2. This writ petition under Article 226 of the Constitution of India has been preferred claiming the following reliefs:
“a) Permit and allow the Petitioner to revise/correct/file afresh declaration in GST Form TRAN-1 to enable it to claim transitional credit of eligible duties to the tune of ₹ 7,89,421/- (Rupees Seven Lakhs Eighty Nine Thousand Four Hundred and Twenty One Only), in respect of unavailed credit on Capital Goods on the appointed day in terms of Section 140(2) of the Central Goods and Services Tax Act, 2017;
b) Declare the impugned action of the Respondents in not refunding/adjusting the unavailed CENVAT Credit existing in the name of the Petitioner as illegal and same be quashed and set aside;
c) Direct and declare that the time limit to file Form TRAN-1 specified in Rule 117(1) & 1(A) & Rule 120A of the Central Goods and Service Tax Rules, 2017 as being ultra vires Section 140(2) of the Central Goods and Service Tax Act, 2017 as also being arbitrary and unreasonable and violative of Article 14, 19(1)(g) and 265 of the Constitution of India.
d) Direct and declare that due date contemplated under the Rule 117 of the CGST Rules to claim the transitional credit within a specified period of time as being procedural in nature and thus merely directory and not a mandatory.
e) Direct Respondent No.4 to refund/carry forward the unavailed CENVAT Credit in the Electronic Ledger maintained by the Petitioner forthwith along with 18% interest.”
3. Learned counsel for the petitioner submits that the petitioner had submitted the Form GST TRAN-1 under Section 140 of the Central Goods and Service Tax Act, 2017 in order to carry forward the eligible credit on capital goods on 13.12.2017. Learned counsel further submits that the petitioner made a mistake in feeding the wrong details of unavailed CENVAT Credit of ₹ 7,89,420.76.
Learned counsel also submits that the petitioner thereafter, took up the issue with the respondents in April, 2019 upon realizing such mistake.
4. Learned counsel for the petitioner relied upon the judgment rendered by a Division Bench of this Hon’ble Court in Obelisk Composite Technology Llp Vs.
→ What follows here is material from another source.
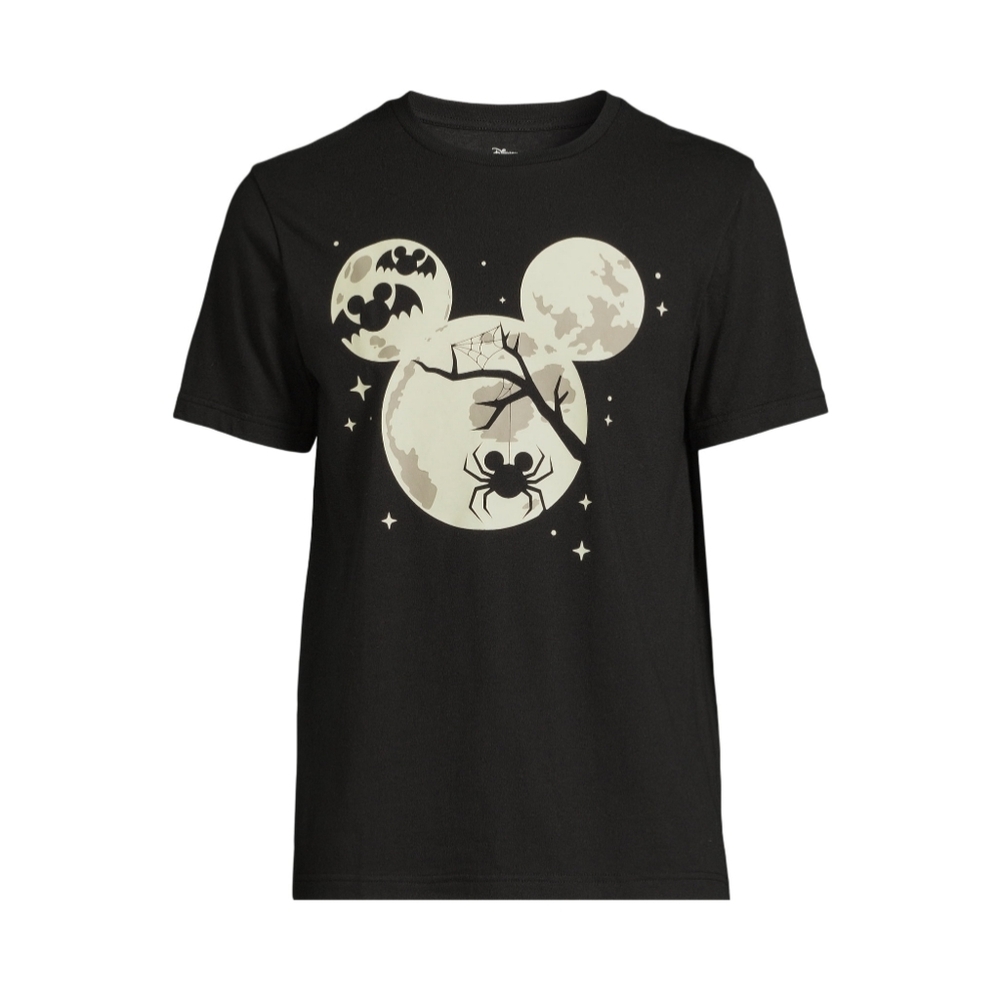 Disney Men’s Size M (38-40) Halloween Graphic Tee Glow in the Dark Mickey Ears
Union of India & Ors. (D.B. Civil Writ Petition No.18392/2019 decided on 12.12.2019), relevant portion of which reads as under:
“8. Accordingly, upon taking the aforesaid submissions into consideration, we are of the considered view that the challenge to the constitutional validity of Rule 117 no more being res integra, this Court cannot entertain such prayer and accordingly reject the same, however, considering the fact that the Union of India and the Finance Department have extended the period contemplated under Rule 1A of Rule 117 till 31 st December, 2019, we grant liberty to the petitioner to make an application before GST Council (through Standing Counsel, who is further requested to hand over the same to the jurisdictional officer) for forwarding the same to the GST Council to issue requisite certificate of recommendation alongwith requisite particulars, evidence and a certified copy of the order instantly and such decision be taken forthwith and if the petitioner’s assertion is found to be correct, the GST Council shall issue necessary recommendation to the Commissioner to enable the petitioner to get the benefit of CENVAT credit within the stipulated time as stipulated by the Union of India i.e on or before 31st December, 2019.”
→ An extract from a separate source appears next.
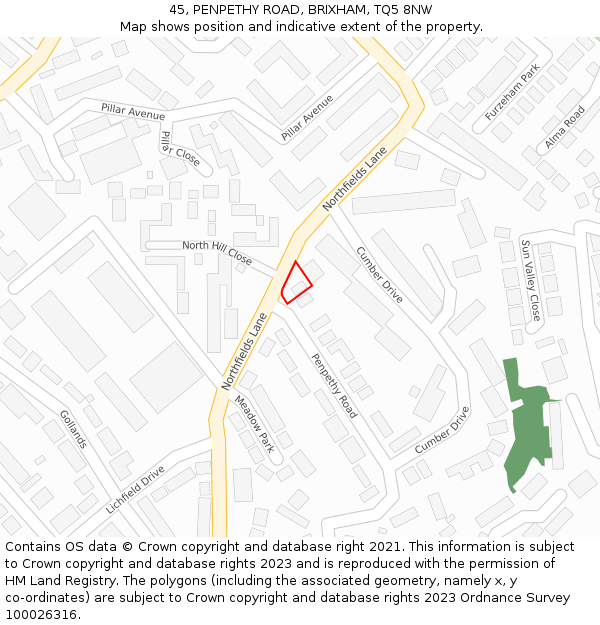 45, PENPETHY ROAD, BRIXHAM, TQ5 8NW: Location map and indicative extent of plot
5. Learned counsel for the petitioner has also placed reliance on the judgment rendered by a Division Bench of the Hon’ble Punjab & Haryana High Court in Adfert Technologies Pvt. Ltd. Vs. Union of India & Ors. (CWP No.30949 of 2018 (O&M) decided on 04.11.2019), relevant portion of which reads as under:
“4. From the perusal of record and arguments of counsel for both sides, we find that there are two types of cases namely (i) registered persons who did/could not file TRAN-1 by 27.12.2017 and have no evidence of attempt to load TRAN-1 (ii) registered persons loaded TRAN-1 by 27.12.2017 but there is mistake and they want to revise already loaded TRAN-1.
8. From the conjoint reading of above quoted provisions, we find that:
i) A registered person to carry forward or avail credit of duty/tax paid on inputs and capital goods under old taxation statutes was required to file TRAN-I;
ii) Certain restrictions are prescribed in proviso to Section 140(1) but restriction in terms of time frame is prescribed under Rule 117 (1) of the Rules;
iii) As per Rule 117 (1), TRAN-1 was required to be filed by due date which was declared 27.12.2017. There is no power under Rule 117 (1) to extend last date beyond 27.12.2017, however Rule 117(1A) was inserted w.e.f. 10.9.2018 by which last date was extended upto 31.12.2019.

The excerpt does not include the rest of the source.